Data shown Start Marker

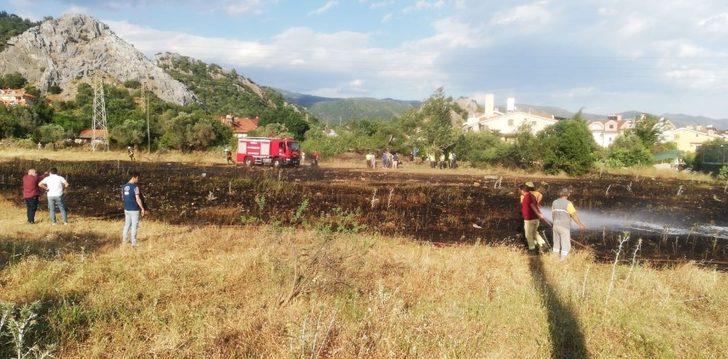 Marmaris’te boş arazide çıkan yangın söndürüldü G3
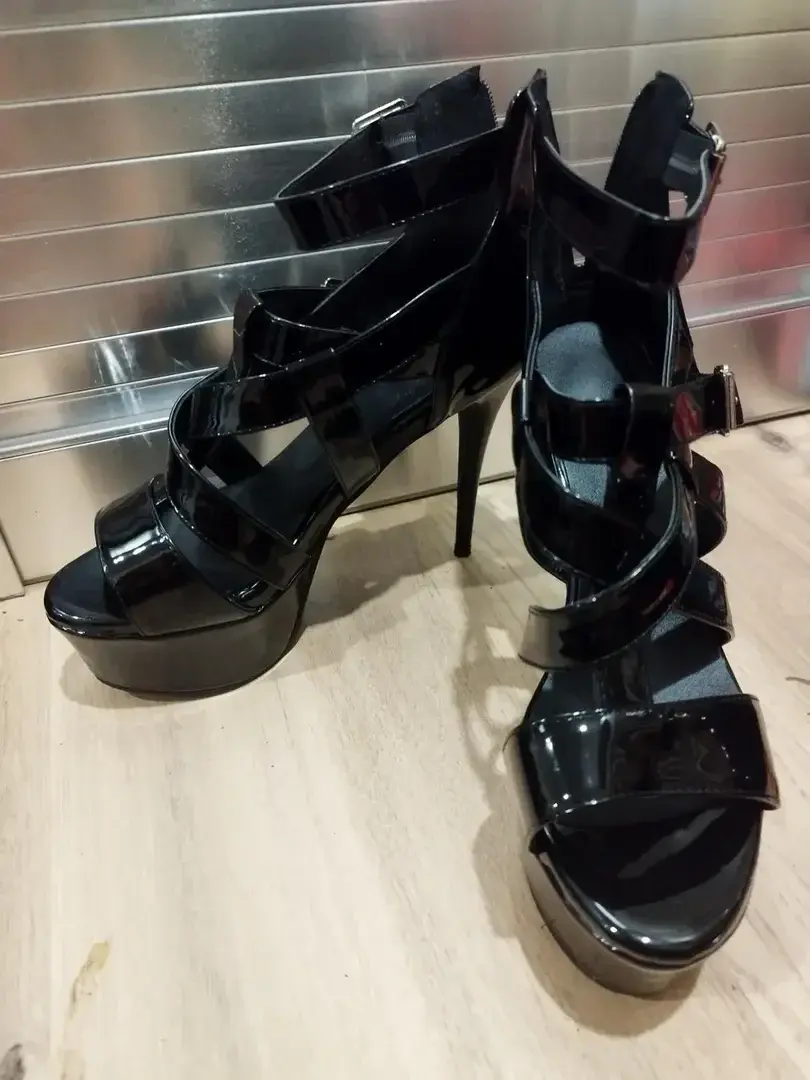 Leak & nude MYM — Dahlia_feetgirl : « média » (MYM)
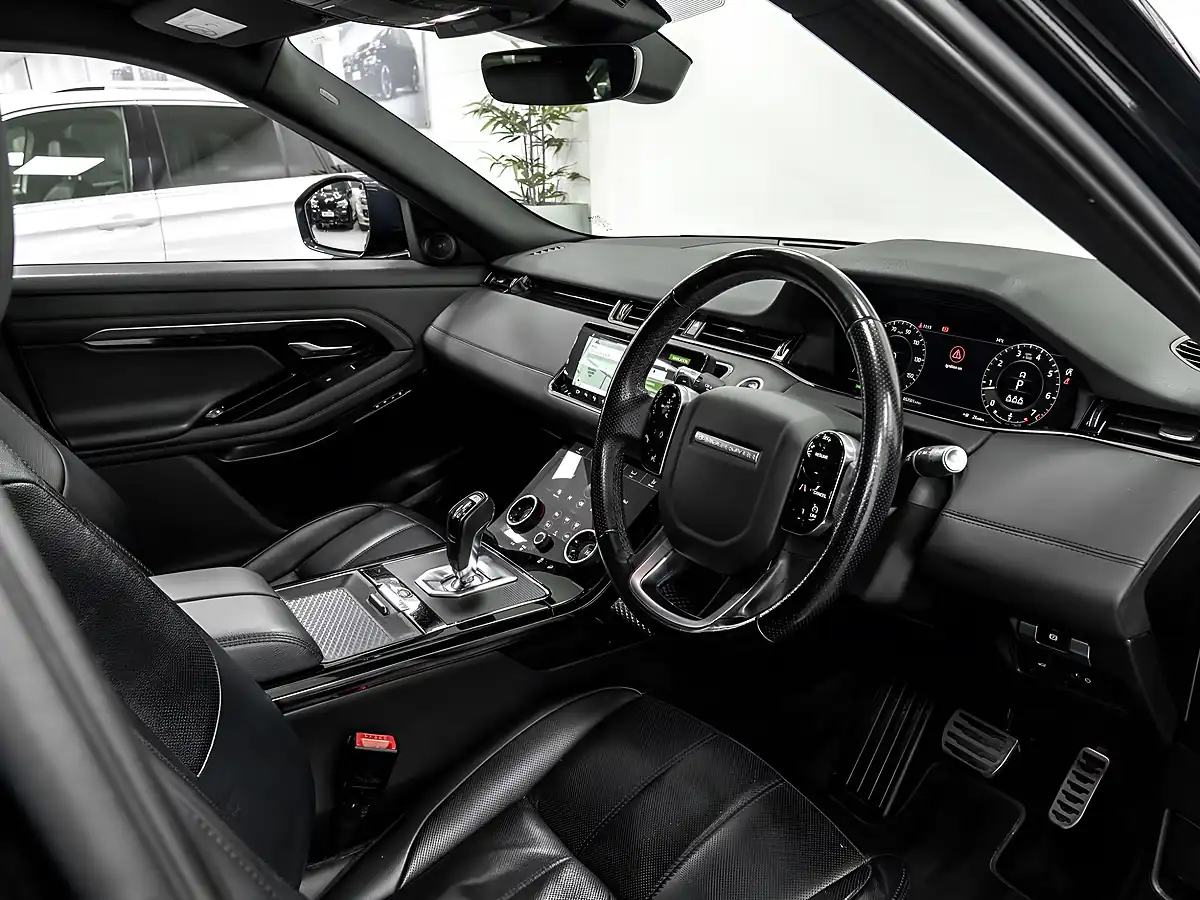 Used 2019 Land Rover Range Rover Evoque R-Dynamic Se Black - Interior and Exterior details 15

Data shown End Marker

* Assigned task *
Except for the pictures, copy the material above exactly.

* Response to the exercise *
 Marmaris’te boş arazide çıkan yangın söndürüldü G3
 Leak & nude MYM — Dahlia_feetgirl : « média » (MYM)
 Used 2019 Land Rover Range Rover Evoque R-Dynamic Se Black - Interior and Exterior details 15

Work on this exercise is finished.